6. Save receipts for living expenses. Your insurer typically covers unusual costs such as for hotel rooms, food, emergency supplies and transportation that you incur because of a disaster. Normally, according to the III, your insurance will cover 20 percent of the coverage of your total policy. That is, your insurer will pay up to $20,000 in expenses if your home is insured for $100,000. The amount is above and beyond any cost of repairs.

7. Prepare for the adjuster. Faced with a big number of claims, adjusters normally resort to a sort of "triage" after a large-scale disaster -- worst first. So don't expect immediate attention if your damage is minor. If they are overwhelmed, adjusters may also pay a quick visit and return for a more complete evaluation. The more records and notes you have, the quicker your claim gets processed. Your insurer may also send you a "proof of loss" form to fill out before a visit from the adjuster.

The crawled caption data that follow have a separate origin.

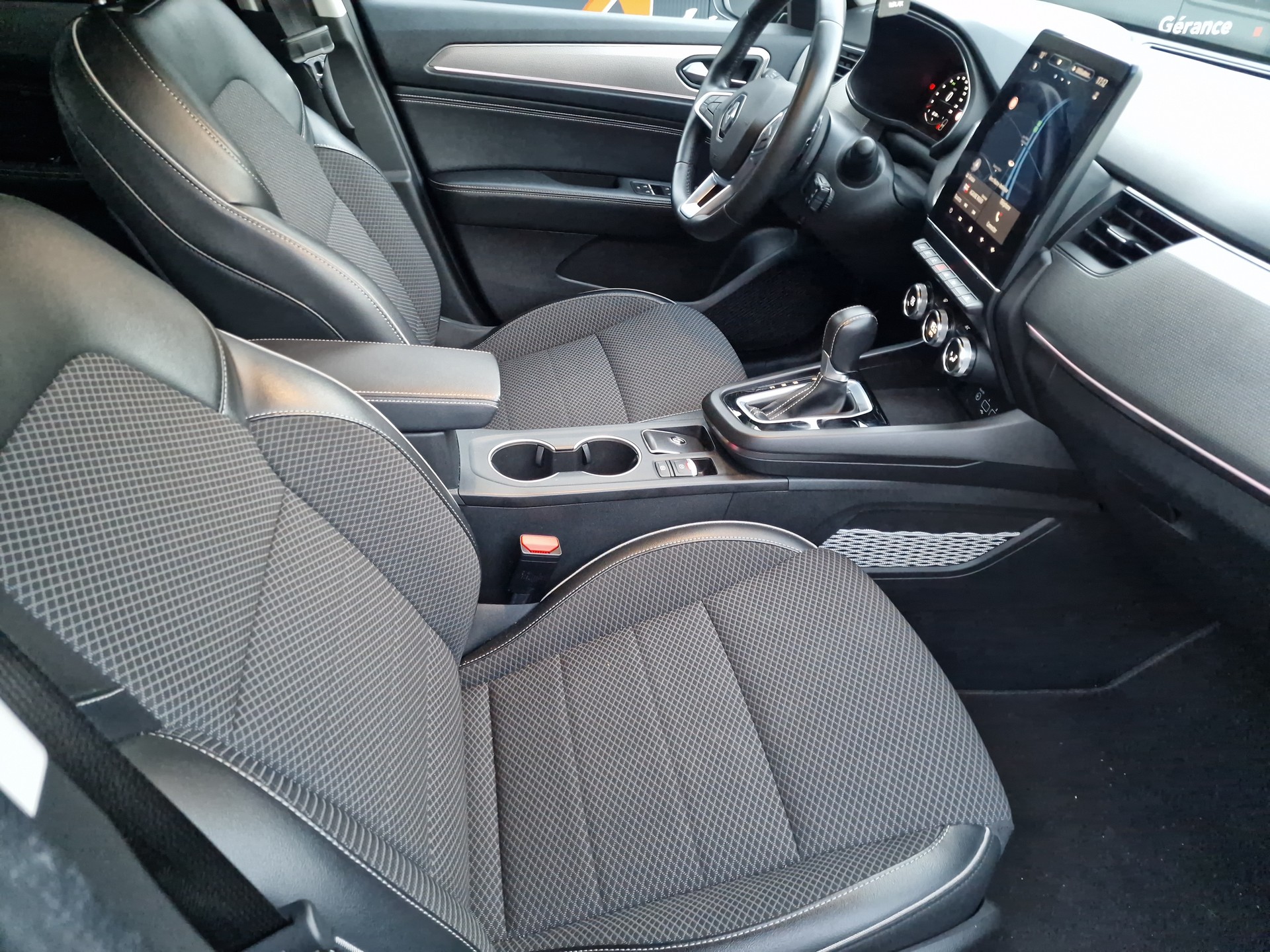 RENAULT Arkana 1.3 TCe Techno EDC-image-13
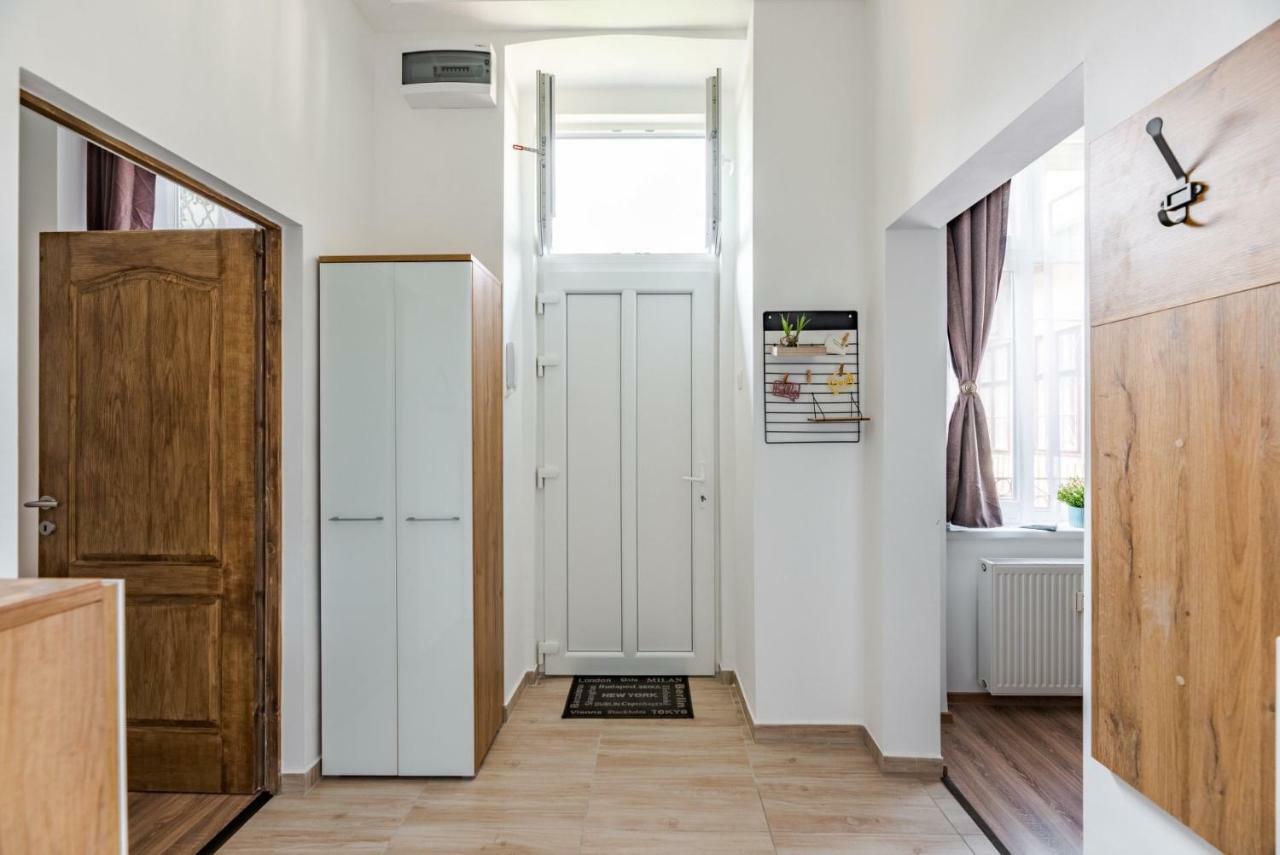 Central Kira Apartment Βουδαπέστη Εξωτερικό φωτογραφία
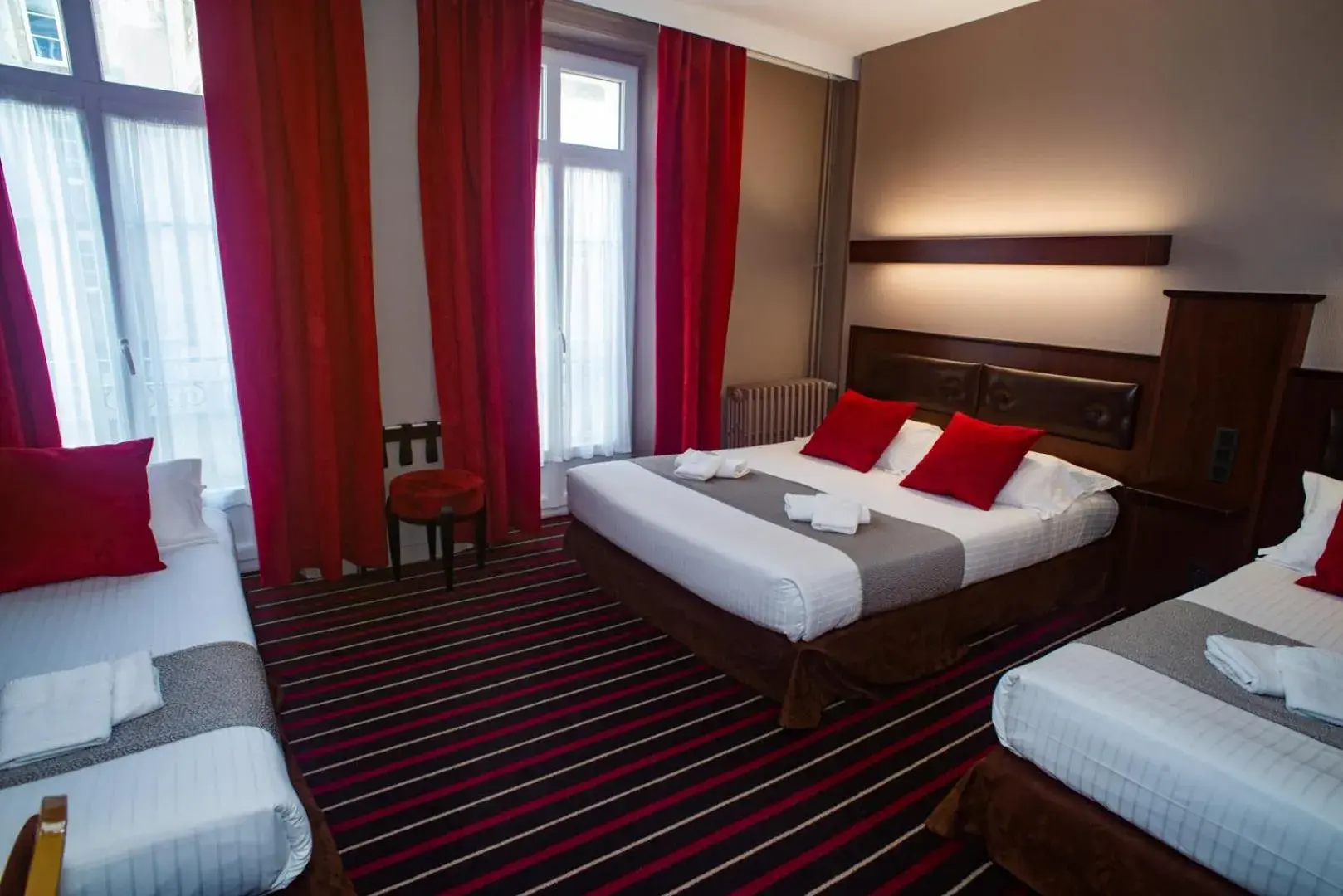 Superior Quadruple Room in Hotel De L'univers Superior Quadruple Room in Hotel De L'univers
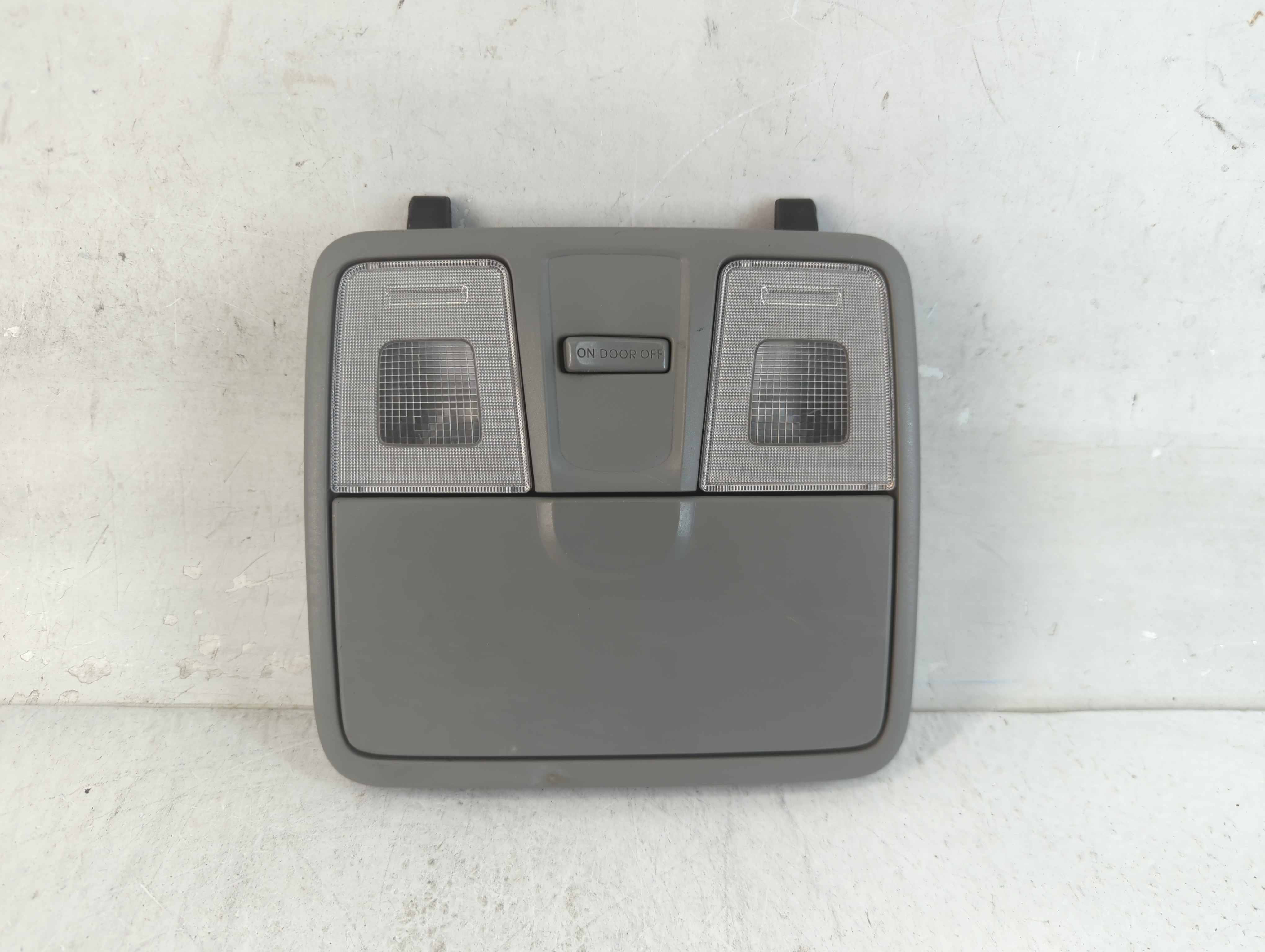2016 Hyundai Veloster Overhead Roof Console 918687 - Oemusedautoparts1.com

8. Make a list of damaged items. If possible, note the brand names and models of any lost or damaged equipment. Photographing the damage is also a good idea. Work from memory if you don't have a written record or an inventory, noting purchase dates, prices and so on. The III suggests trying to picture what was in each room. Do not throw away damaged items -- the adjuster will want to inspect them.

9. Make a list of property damage. The adjuster will want to inspect any structural problems, cracks, missing tiles and the like. Your insurance company will likely also pay for an inspection of the electrical system. Though your insurer will provide an adjuster for free, you can also hire your own adjuster. Such "public adjusters" charge a fee and may take as much as 15 percent of your settlement. That isn't covered by your insurance. Avoid door-to-door solicitations and check qualifications with your state insurance department if you decide to go that route.

10. Get bids for the repairs. The more detailed the bid, the better. Make sure the bids come from licensed contractors and reliable companies. They should break down the repairs line-by-line.